Six years ago when we covered “Summertime ’06” on RR, writer Zach Gase described Vince Staples as “wise beyond his years” at only 22 years old. Well damn, he’s 28 years old now (happy born day was July 2nd), so how sage must he be on his self-titled album? Well for one he was wise enough to work with Kenny Beats for the second release in a row. I often think that Kenny works with rappers he can outshine behind the boards, but with Staples he’s well met by a lyricist with something to say that doesn’t rely on pitch corrected vocals to say it. Secondly Staples is an old school stalwart from the Gary Grice mold who believes you should keep it “half short and twice strong.” He was 22 back then, and the length of his last album and “Vince Staples” are also 22 now. Maybe for Staples everything peaks at 22.
“Greener grasses/made it out, don’t make shit for the masses” quips Vince on “The Shining,” showing that he’s rolling deep on these 22’s. Staples may have been closely associated with Odd Future in his early days, but he’s carved out a lane entirely his own. Tyler the Creator has a cult of personality that makes him larger than life, but Vince Staples shrinks his ego down and says “I do this for me, not for you.” The listener is being directly challenged on “Are You With That?” You meet him on his turf. “Had to fight, for my life, took them hits in stride.” His Compton and North Long Beach roots left him scarred, but also left him reflective on what it took to achieve all that he has in his 20’s.
There’s an almost whimsical, carnival ride quality to the instrumental, which is punctuated by sounds like pinballs bouncing on steel pipes and the typical Kenny Beats bass bottom. The only bad thing about this song, like so many Vince Staples songs, is that he sets a mood that leaves you vibing and then pulls the rug out from under you in only a couple of minutes.

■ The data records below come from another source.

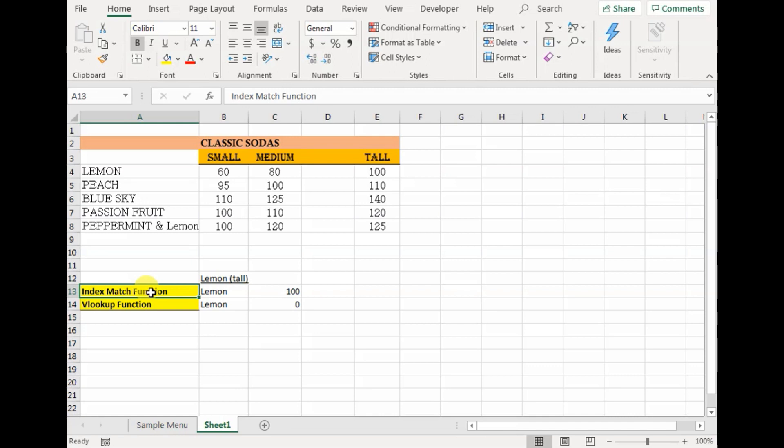Hence, when we are working with the index match function, we do not have to worry about maintaining or updating the formula. We can insert new columns, delete unnecessary ones, and we would still get the result from our source data. But this doesn't happen in the case of VLOOKUP, since we are specifically mentioning the column index number there.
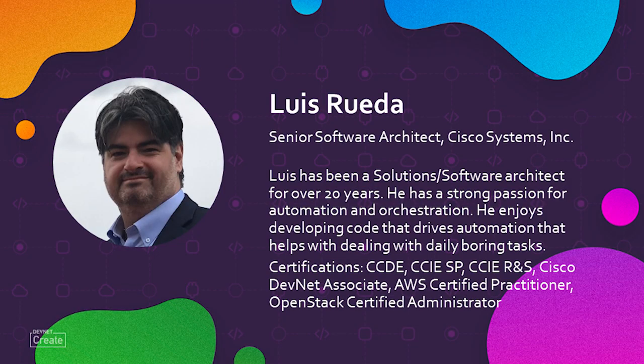Thank you, Jairo. As you mentioned, my name is Luis Rueda. I'm a senior software architect with Cisco. I've been with Cisco for more than 14 years and for more than 20 in the industry as a solution architect.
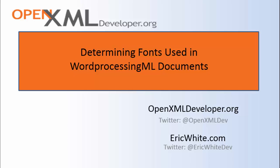That's all I'm going to cover in this video. Come back often to OpenXMLDeveloper.org and see the new content that we're always producing for OpenXML. You can follow OpenXML on Twitter at OpenXMLDev and you can follow me on Twitter at EricWhiteDev.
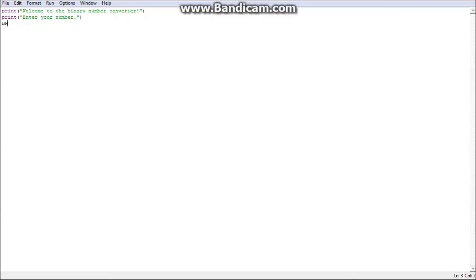BN — we're going to use that for binary number — equals input(). Now we're going to need to do total validation. We need to do a while loop. While true...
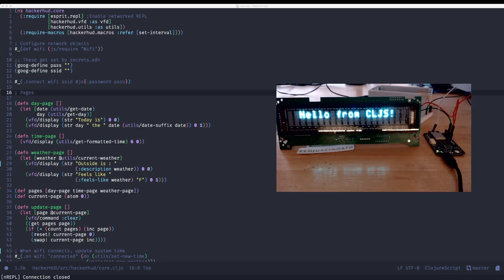Hey everyone, this is Kieran, and I just wanted to share a quick video with some stuff I've been doing live coding microcontrollers.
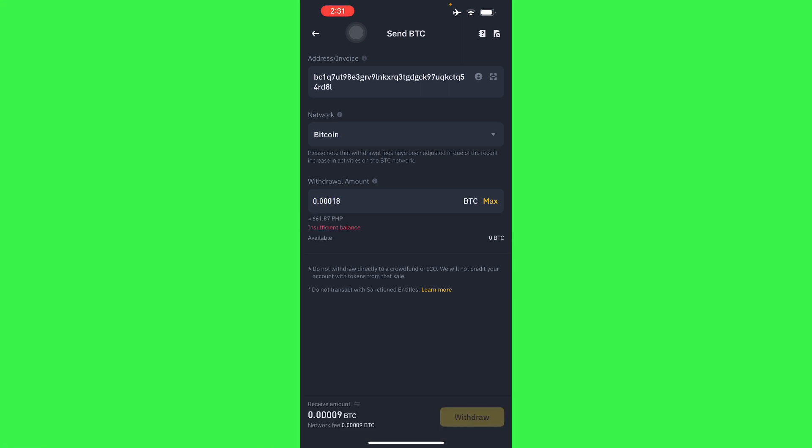Now you can actually send and transfer Bitcoin from Binance to Exodus wallet. So there you go guys. If this video was helpful, please hit the like button and don't forget to subscribe.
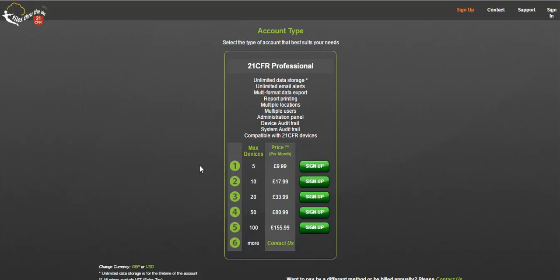Note that pricing is only listed up to 100 sensors. If you intend to add more than 100 sensors to the 21 CFR Cloud, would like to pay by another method other than credit card, or would prefer to be billed annually, click the contact us button and contact your closest sales office.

Some of the tracks aren’t even songs at all, like “Lakewood Mall” or “The Apple & The Tree.” They are more like snippets of life captured on a pocket recorder.
I have to imagine a lot of “Vince Staples” listeners will be searching online for instrumental versions and extended versions of songs like “Taking Trips” just to prolong the experience. “I ain’t gon’ like, she only want me cause I’m money touch.” I think Staples is selling himself short there, but you have to appreciate a self-aware successful young rapper, one who knows that even those closest to you may just be leeching off you or riding your coattails. That’s why songs like “Take Me Home” hit the feels so hard. Even if you didn’t come from where Staples came from or grew up the way he did, you can understand what he means when he says “Been all across this atlas but keep coming back to this place ’cause it trapped us.” He gets his world across to you through the music.

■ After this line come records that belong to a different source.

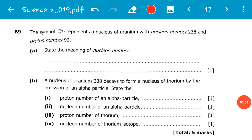How are you viewers? Today we've come to the end of Section B of the November 2019 Science Paper 1 Revision.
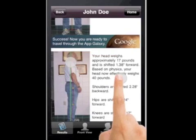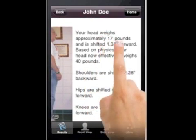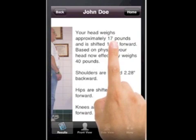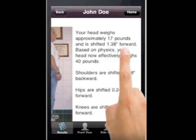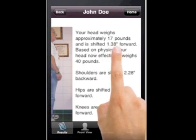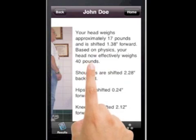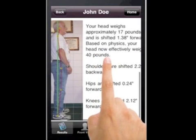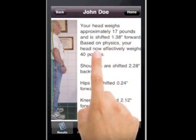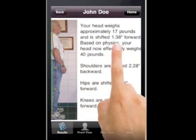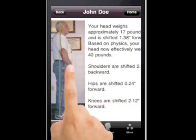The side view is really important to go over with the patient. It shows the approximate body weight relative to their head. The head weighs about 7.5% of their body mass — it's 1.38 inches forward — so the head effectively weighs about 40 pounds. This is probably one of the most useful applications of this software: approximating head weight, because these people with forward head posture usually have upper back and neck pain.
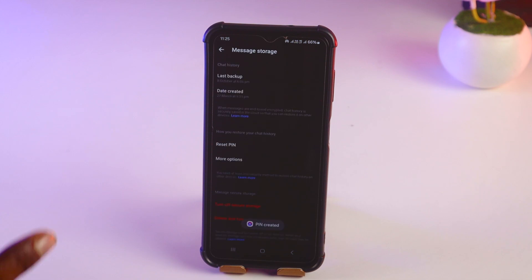Like this, you can reset or change the PIN on Facebook Messenger. That's how you change or reset the PIN on the Facebook Messenger app.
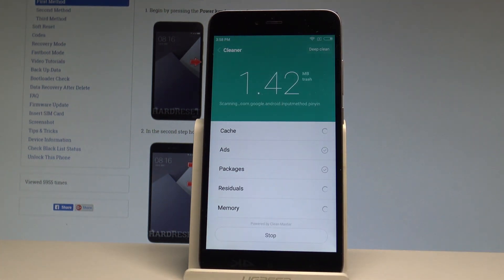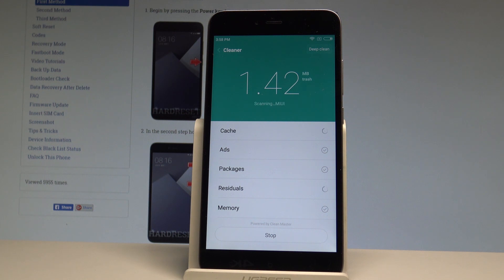The device is now looking for trash files — files that can be easily erased to speed up your device. Let's wait until the scan is finished.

“When it’s quiet out I hear the sounds of those who rest in peace.” Those are the kind of words that will haunt you if you’re paying attention to Vince Staples for long enough, but the good news is that he’s very easy to pay attention to. It’s hard to miss a word that he says. Either because of the incredibly short length, or his great attention to detail, or the Kenny Beats production (or all of the above) “Vince Staples” is a must listen. He was wiser than his years at 22, now he’s wiser than his peers too.